Friday, Jul. 24, 1964
The Late Late Show
However much the convention antics and dramatics on the Cow Palace floor seemed to be spun out by pro-Goldwater rote, one thing worth watching was the Republican moderates' death battle on the platform issues. Unfortunately, the climax came too late for much of the Eastern U.S. to follow it on television.
The platform fight was the dwindling anti-Goldwater platoon's final, forlorn hope. It wanted planks denouncing extremist groups, calling for "effective enforcement" of the 1964 civil rights law, and reaffirming the policy that only the President of the U.S. should be authorized to order the use of nuclear weapons.
Catcalls & Jeers. To start off the bout, Platform Chairman Melvin Laird arose before delegates already weary and bored after nearly three hours of sitting. For more than an hour and a half Laird, assisted by other committee members, droned through the entire 8,500-word platform. When they finished, it was nearly midnight on the East Coast.
The extremism amendment came first, and Nelson Rockefeller bounded up to the podium. The auditorium burst into a cacophony of catcalls, interrupted with chants of "We want Barry." Rocky gallantly persisted. "It is essential," he shouted, "that this convention repudiate here and now any doctrinaire militant minority, whether Communist, Ku Klux Klan or Bircher." The crowd booed. Chairman Thruston Morton of Kentucky angrily crashed down his gavel, but the noise dipped scarcely a decibel. Rocky snapped into the microphone: "It's still a free country, ladies and gentlemen."
The jeers continued, but Goldwater managers were alarmed about the exhibition. In an inconspicuous trailer parked behind the Cow Palace, F. Clifton White, a Goldwater lieutenant, picked up a microphone and barked: "All call! All call!" The message went over the lines to 30 phones on the convention floor. "If there is any booing in your delegations, stop it immediately," ordered White. Within three minutes Goldwater's legions pinpointed the main source of the catcalls in the galleries, scurried up the steps and asked offenders to give Rocky a break. They never really did.

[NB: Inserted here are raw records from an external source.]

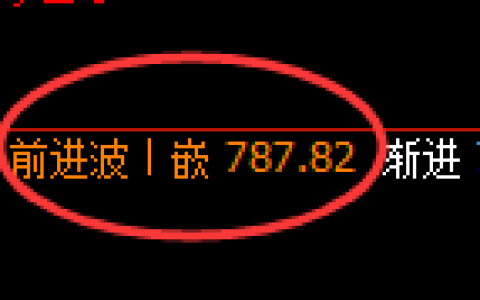 铁矿石期货：4小时高点，精准展开振荡回落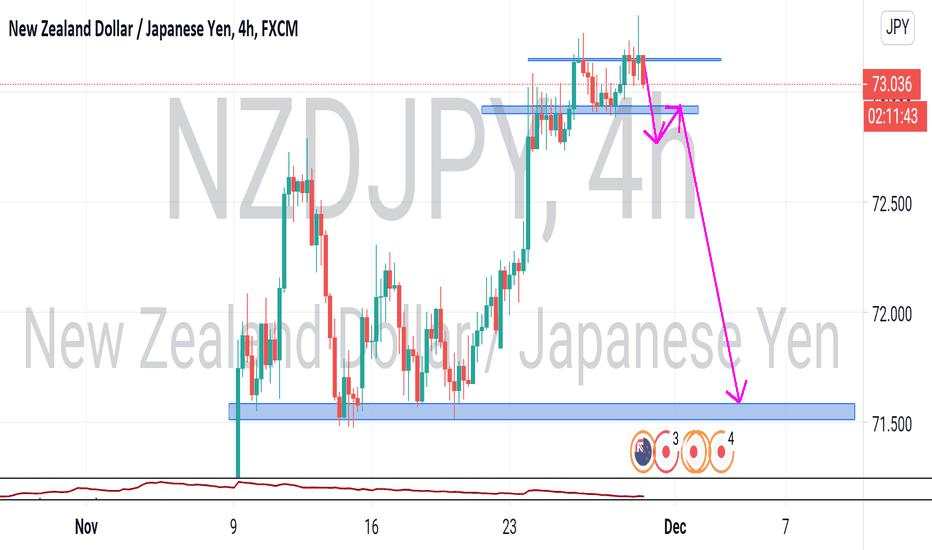 NZDJPY sell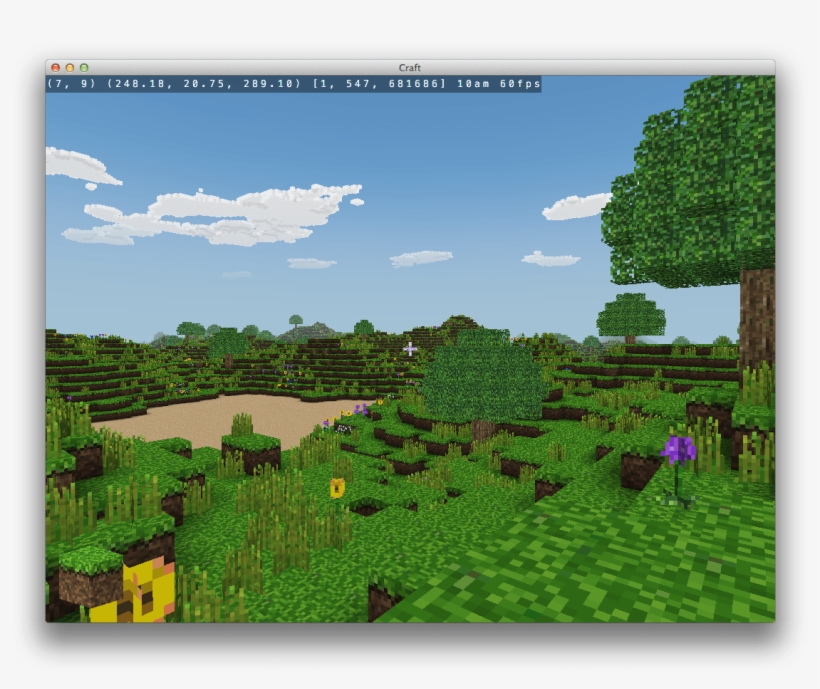 External Links - - Minecraft In C, transparent png download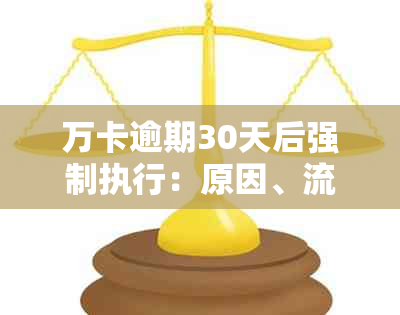 万卡逾期30天后强制执行：原因、流程和可能的影响全解析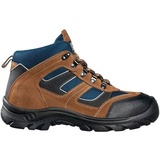 Safety Jogger X2000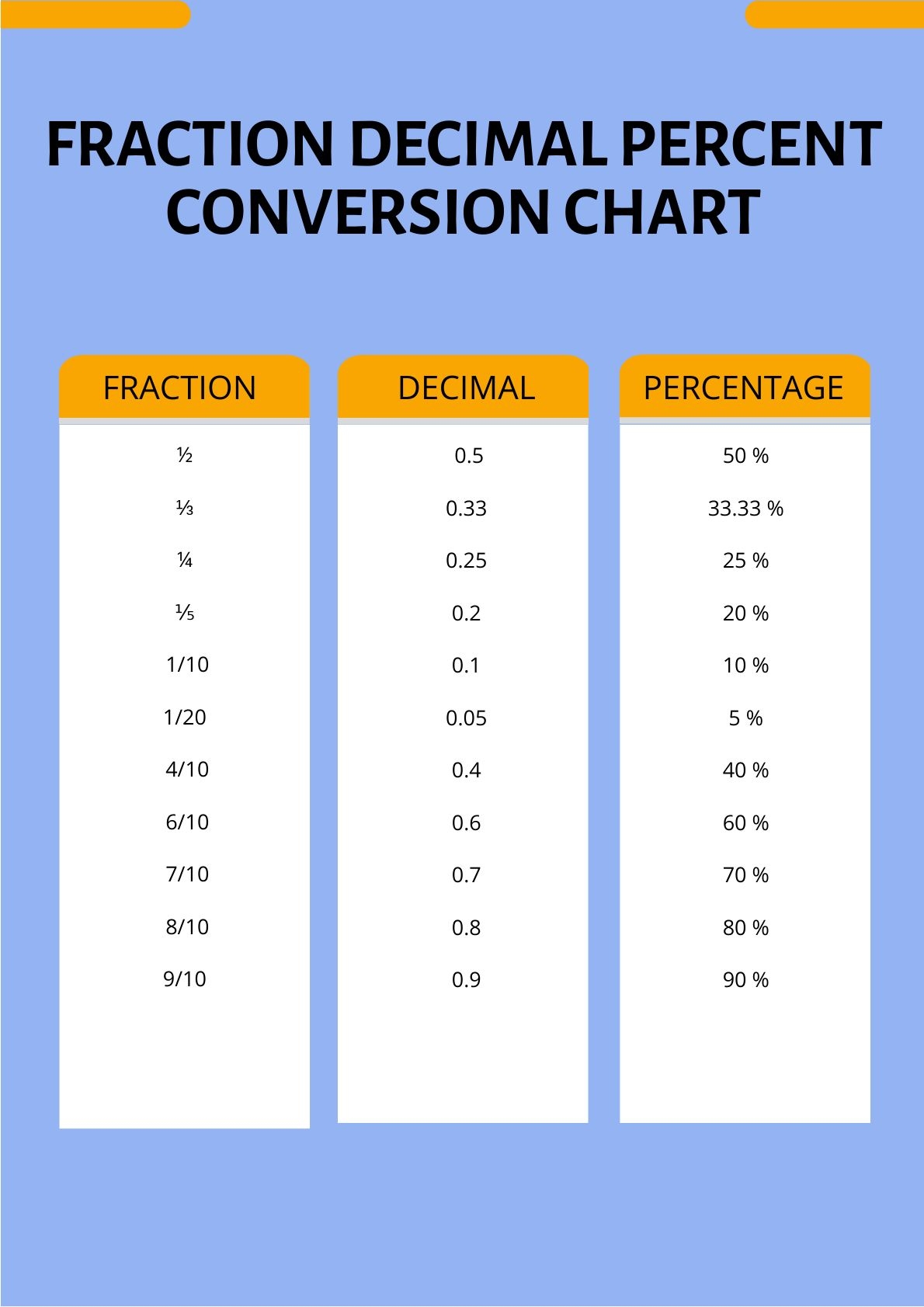 Fractions Decimals And Percents Printable Chart Fractions Decimals And Percents Printable Chart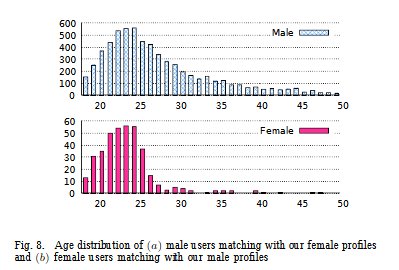 age of tinder users matching there is a steep drop off after 25 for females - biological imperative to settle, after tindering ?and women use it more, when younger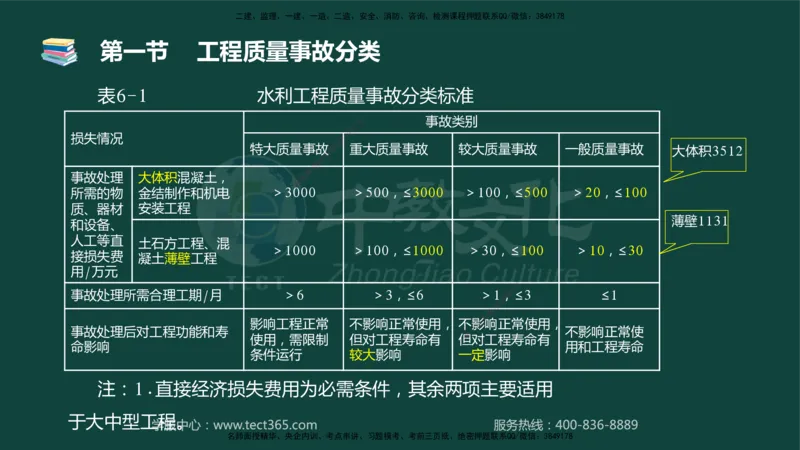01.2025-监理-目标控制（水利）-基础精讲-授课版讲义_监理工程师_2025监理工程师_2025年监理工程师SVIP_2025年监理水利控制SVIP_02-基础精讲✿高端面授✿深度强化_课程讲义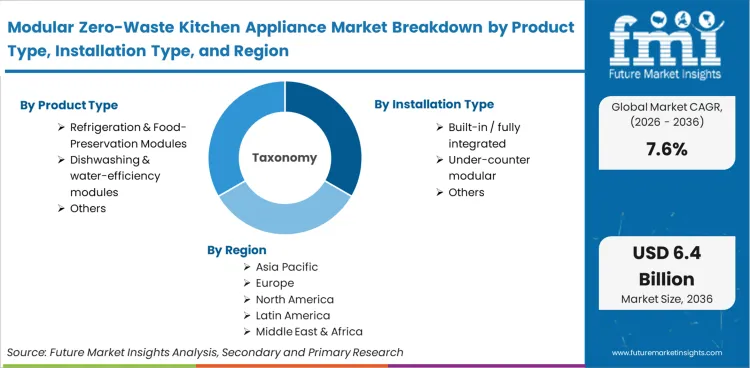Modular Zero Waste Kitchen Appliance Market Breakdown By Product Type, Installation Type, And Region
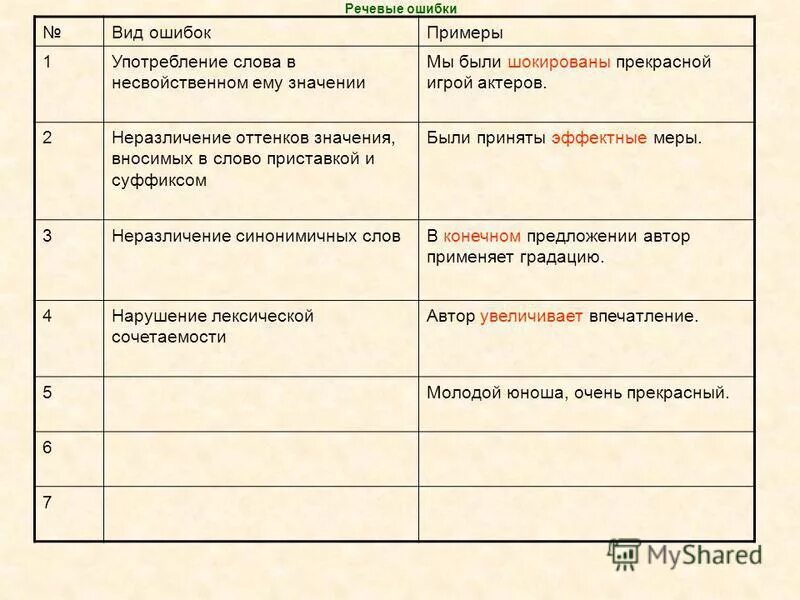 Пример ошибки в произведениях. Темы сочинений по творчеству куприна 11. Грамматические ошибки таблица. Примерыграмматических ошибоу. Типичные грамматические ошибки в речи.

Ramblers & Rights. Later, when Michigan's Governor George Romney tried to sell a mild extremism amendment of his own, the crowd was relatively gentle. Said former American Motors President Romney: "Unlike the Ramblers I used to sell, the Republicans must have a big wheelbase and a big body. I don't condemn them on the right or on the left--except the Communists."
To rebut, Colorado Senator Peter Dominick slapped away Romney's oratory contemptuously, calling it "an impassioned plea on behalf of an amendment that doesn't mean an awful lot."
The Cow Palace was no place for Republican moderation. The amendments on extremism and nuclear weapons control lost by huge head counts, with shoulder-to-shoulder phalanxes of Goldwater people rising to vote no. And when the long--and relatively listless--debate on civil rights ended, Morton polled each delegation, got a stunning show of Barry's strength: the amendment was beaten 897 to 409. When the delegates trudged out after eight hours, it was 3:30 on the East Coast--and the Goldwaterites' late late show of power had been missed by millions.